The Environmental Protection Agency (EPA) is an independent agency of the United States federal government for environmental protection. President Richard Nixon proposed the establishment of EPA on July 9, 1970 and it began operation on December 2, 1970, after Nixon signed an executive order. The order establishing the EPA was ratified by committee hearings in the House and Senate. The agency is led by its Administrator, who is appointed by the President and approved by Congress. The current acting Administrator following the resignation of Scott Pruitt is Deputy Administrator Andrew Wheeler. The EPA is not a Cabinet department, but the Administrator is normally given cabinet rank.
The Environmental Protection Agency can only act under statutes, which are the authority of laws passed by Congress.

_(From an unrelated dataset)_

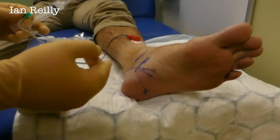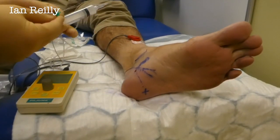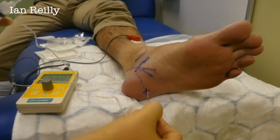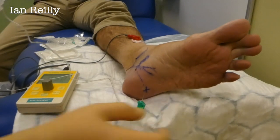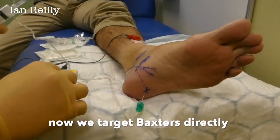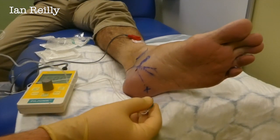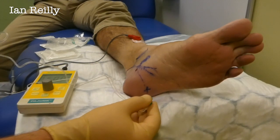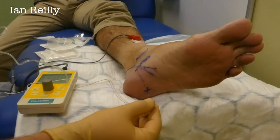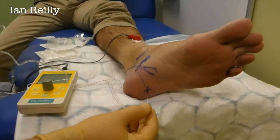Now we'll go into where the scarring is. You're not going to get the same sort of twitching — you may get it a little bit — but I just want to be near it to break up some of the scar tissue on this bottom bit. I'm going to come right to the bottom — a little bit scratchier now. Mainly I want you to tell me if you're getting that nerve discomfort. We're getting some toe twitching again, but you're not really feeling much — that's fine. The local anaesthetic has settled down some of the feeling.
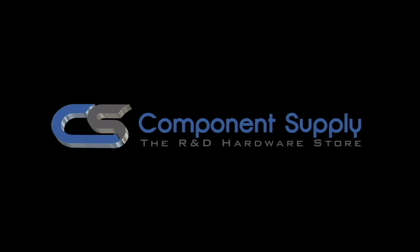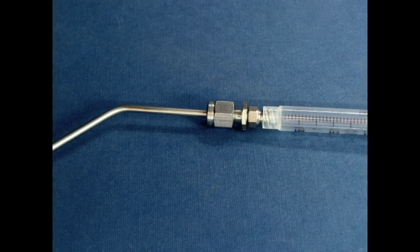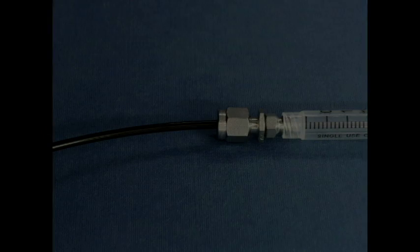I want to show you three potential ways this fitting can be used to make connections to a lure. First, using the metal ferrules that come with it, we can connect fractional tubing that is rigid, such as stainless steel, or semi-rigid, such as nylon.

Congress must approve the statute and they also have the power to authorize or prohibit certain actions, which the EPA has to implement and enforce. Appropriations statutes authorize how much money the agency can spend each year to carry out the approved statutes. The Environmental Protection Agency has the power to issue regulations. A regulation is a standard or rule written by the agency to interpret the statute, apply it in situations and enforce it. Congress allows the EPA to write regulations in order to solve a problem, but the agency must include a rationale of why the regulations need to be implemented. The regulations can be challenged by the Courts, where the regulation is overruled or confirmed. Many public health and environmental groups advocate for the agency and believe that it is creating a better world. Other critics believe that the agency commits government overreach by adding unnecessary regulations on business and property owners.
The EPA Safer Choice label, previously known as the Design for the Environment (DfE) label, helps consumers and commercial buyers identify and select products with safer chemical ingredients, without sacrificing quality or performance. When a product has the Safer Choice label, it means that every intentionally-added ingredient in the product has been evaluated by EPA scientists. Only the safest possible functional ingredients are allowed in products with the Safer Choice label.
This program sets treatment requirements for hazardous waste before it may be disposed of on land. I began issuing treatment methods and levels of requirements in 1986 and these are continually adapted to new hazardous wastes and treatment technologies. The stringent requirements it sets and its emphasis on waste minimization practices encourage businesses to plan to minimize waste generation and prioritize reuse and recycling. From the start of the program in 1984 to 2004, the volume of hazardous waste disposed in landfills had decreased 94% and the volume of hazardous waste disposed of by underground injection had decreased 70%.